Supplied information →
########

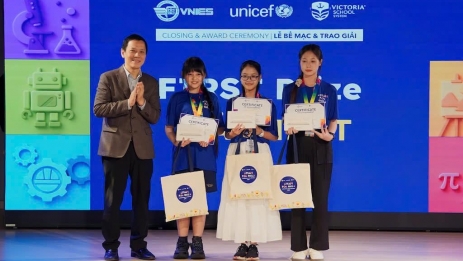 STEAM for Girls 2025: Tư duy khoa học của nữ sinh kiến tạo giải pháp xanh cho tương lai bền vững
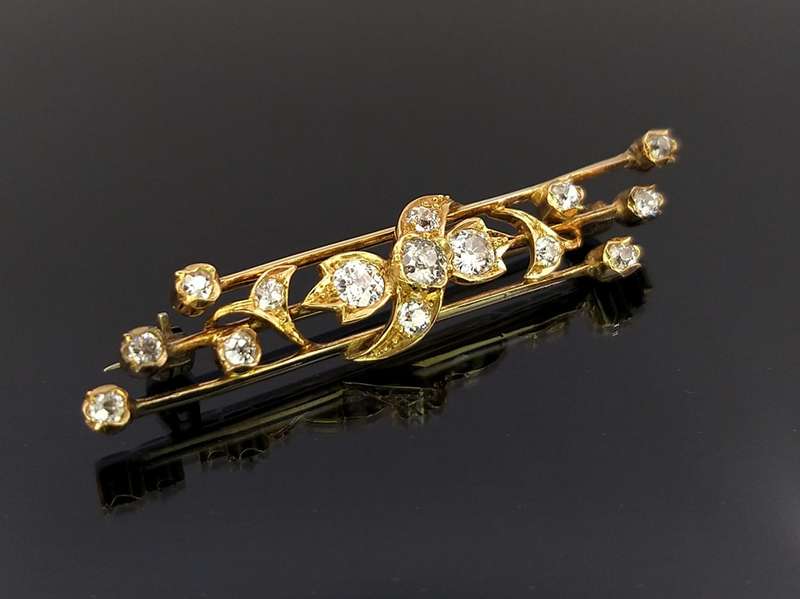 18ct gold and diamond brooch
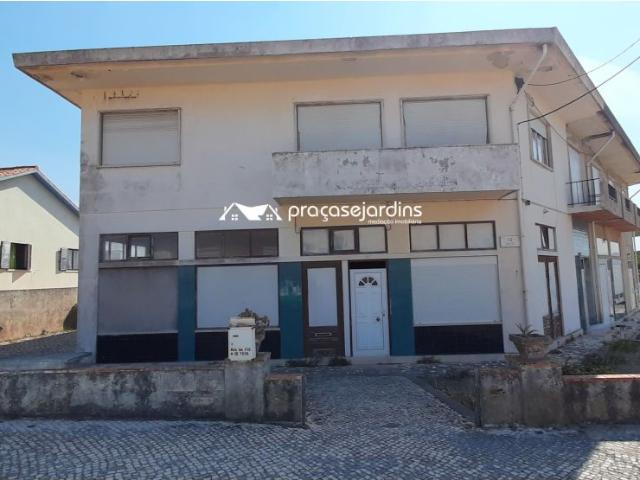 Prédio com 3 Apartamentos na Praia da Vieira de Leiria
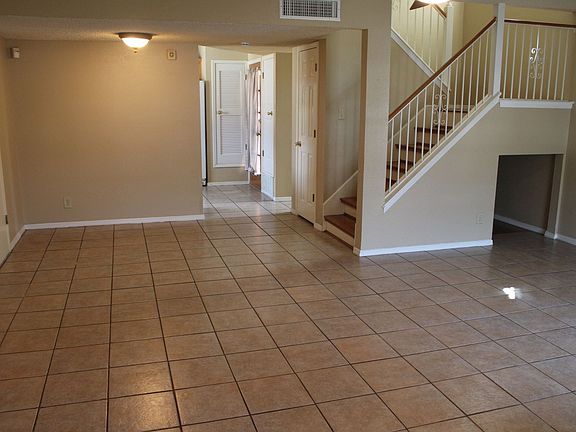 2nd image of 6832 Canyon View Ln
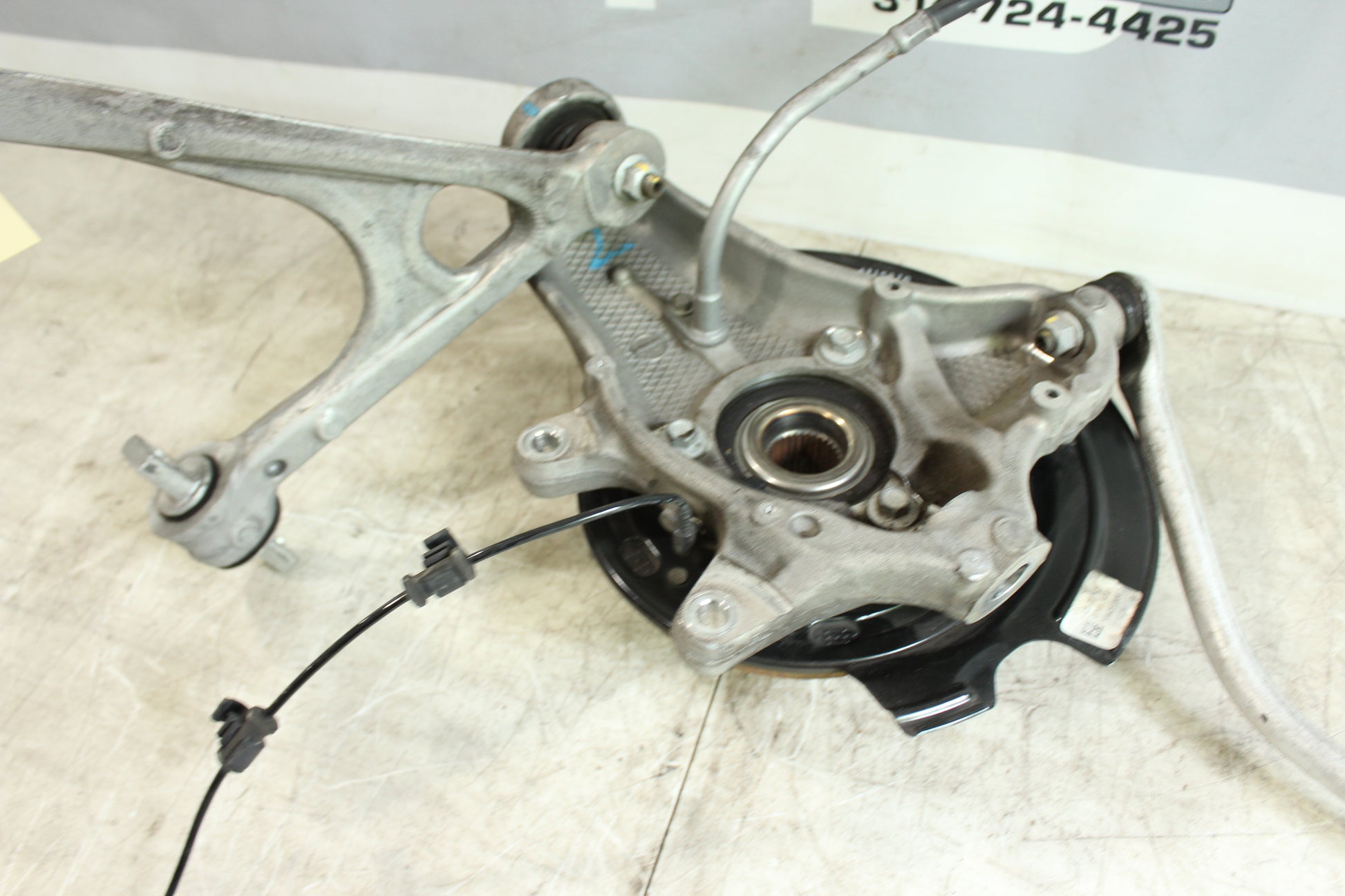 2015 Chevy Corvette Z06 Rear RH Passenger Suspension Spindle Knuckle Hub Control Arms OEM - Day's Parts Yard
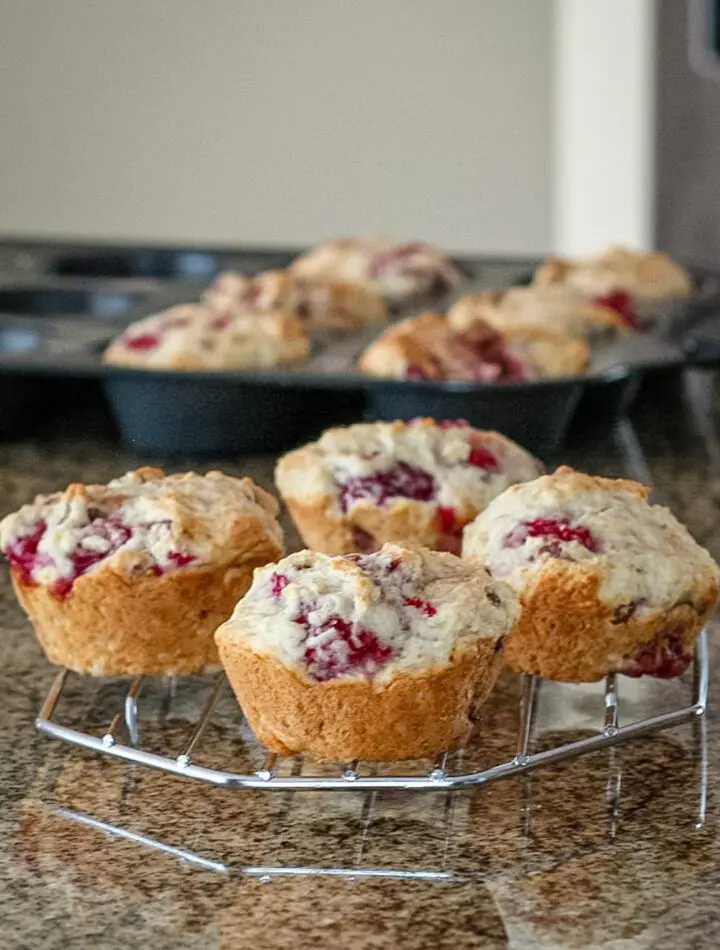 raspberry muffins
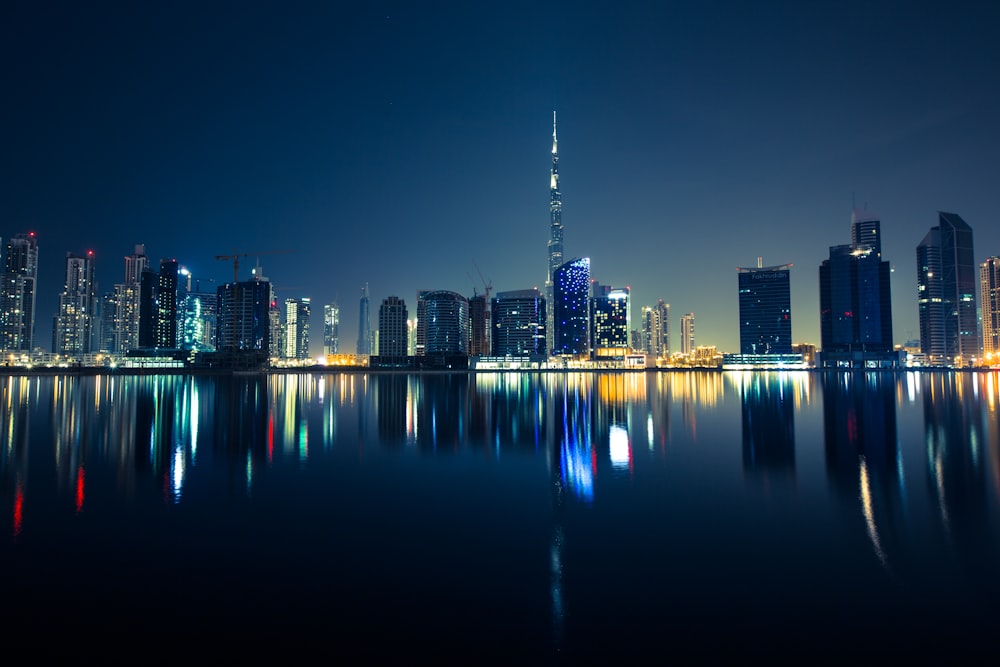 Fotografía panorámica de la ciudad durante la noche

########

Set down only the lines running from the line with "raspberry muffins" to the end of the entries, inclusive; omit every picture.

 raspberry muffins
 Fotografía panorámica de la ciudad durante la noche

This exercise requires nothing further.